Rozdział 17

2.6K 148 65
                                    

-Okej, a więc zapytam jeszcze raz. Masz ostatnią szansę. Którego z nas wybierasz?

-Wybieram...YoonGi'ego.

-W takim razie nie mamy o czym rozmawiać - wyminął mnie w przejściu.

-To ja może lepiej pójdę po swoją walizkę - wycofał się speszony Tae.

-Zamknij drzwi - powiedział stanowczo, na co ja nie zwracałam zbytniej uwagi i wykonałam polecenie - Jak dużo słyszałaś?

-Wystarczająco.

-Czyli wszystko - usiadł na łóżku.

-Nie mam zamiaru mu wchodzić w drogę skoro moja osoba, aż tak mu przeszkadza.

-Nie uważasz, że jeżeli byś mu tak przeszkadzała, to trzymał cię przy życiu i ciągał za sobą? - nie wiedziałam co odpowiedzieć - Ale mogę się mylić. Jesteśmy urodzonymi aktorami. Nigdy nie wiesz kiedy ktoś ci wbije nóż w plecy.

-Nie poprawiasz mi tym humoru, wiesz?

-A miałem? - uniósł jedną brew.

-Idę po walizkę.

Po rozpakowaniu się, leżałam na moim łóżku bez celu. Najpierw akcja z Jin'em, teraz to. Czy ja naprawdę nie mogę normalnie spędzić chodź jednego, jebanego dnia?

-Przyniosłem ci kolację - wrócił do pokoju Min z talerzem gofrów.

-Dzięki.

-Jak tak dalej będziesz leżeć to niedługo korzenie zapuścisz. 

-Bardzo śmieszne, ale jakoś nie mam nastroju na żarty - usiadł obok.

-Może znajdę jakiś sposób, aby go poprawić? - zwisał nade mną zbliżając się do mojej twarzy.

-Nie wygłupiaj się - położyłam ręce na jego klatce piersiowej, aby dać mu wyraźny znak, że nie mam ochoty na bliższy kontakt.

-Przecież wiem, że tego chcesz. Każda kobieta potrzebuje bliskości i troski. Zwłaszcza w takich momentach - szeptał.

-Skąd ta pewność? - głos mi się załamał, gdy ustami drażnił delikatną skórę szyi.

-Mogę to nazwać przeczuciem?

-YoonGi...ja nawet nie mam pojęcia o takich rzeczach. Nawet nie mam pojęcia jak się całuje, a ty proponujesz mi coś tak...
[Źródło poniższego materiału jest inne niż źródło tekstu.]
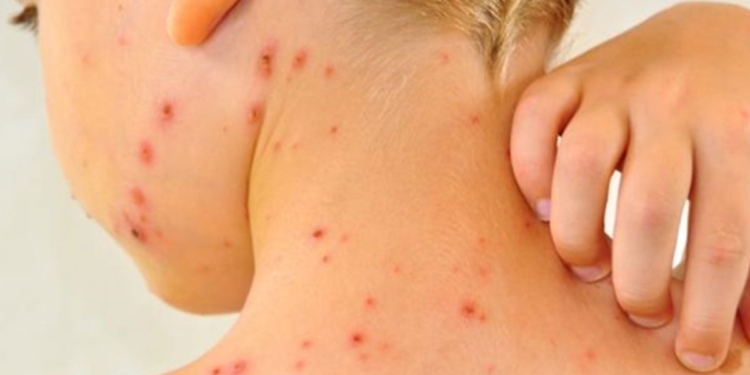 MÉXICO REBASA LOS CINCO MIL CASOS DE SARAMPIÓN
-Tak... - wyczekiwał mojej odpowiedzi.

-...intymnego.

-Naprawdę to jest, aż tak złe?

-Tak, a teraz zejdź ze mnie - na co ten położył się na mnie niczym dywan.

-Do płaskich nie należysz - stwierdził.

-Możesz łaskawie się...

-Shhh... - położył się obok, a ramieniem zmusił abym przytuliła jego tors - A teraz uspokój myśli i spróbuj zasnąć.

-Tak, jasne. A pod moją nieuwagę zrobisz coś zbreźnego - spiorunowałam go wzrokiem.

-Co?

-No co? Przed chwilą proponowałeś mi...

-Hahaha - zaśmiał się w niebo głosy - Ty naprawdę myślałaś, że chodziło mi o seks? - mówił dalej zacieszając.

-No a z czym miałam skojarzyć słowa ,,Wiem, że tego chcesz".

-Chciałem cię przytulić. Wiesz ,,bliskość" i ,,troska". Jakbym chciał się ruchać to bym siedział w klubie, a nie tu.

-Dobra, zapomnij - czułam jak robię się czerwona.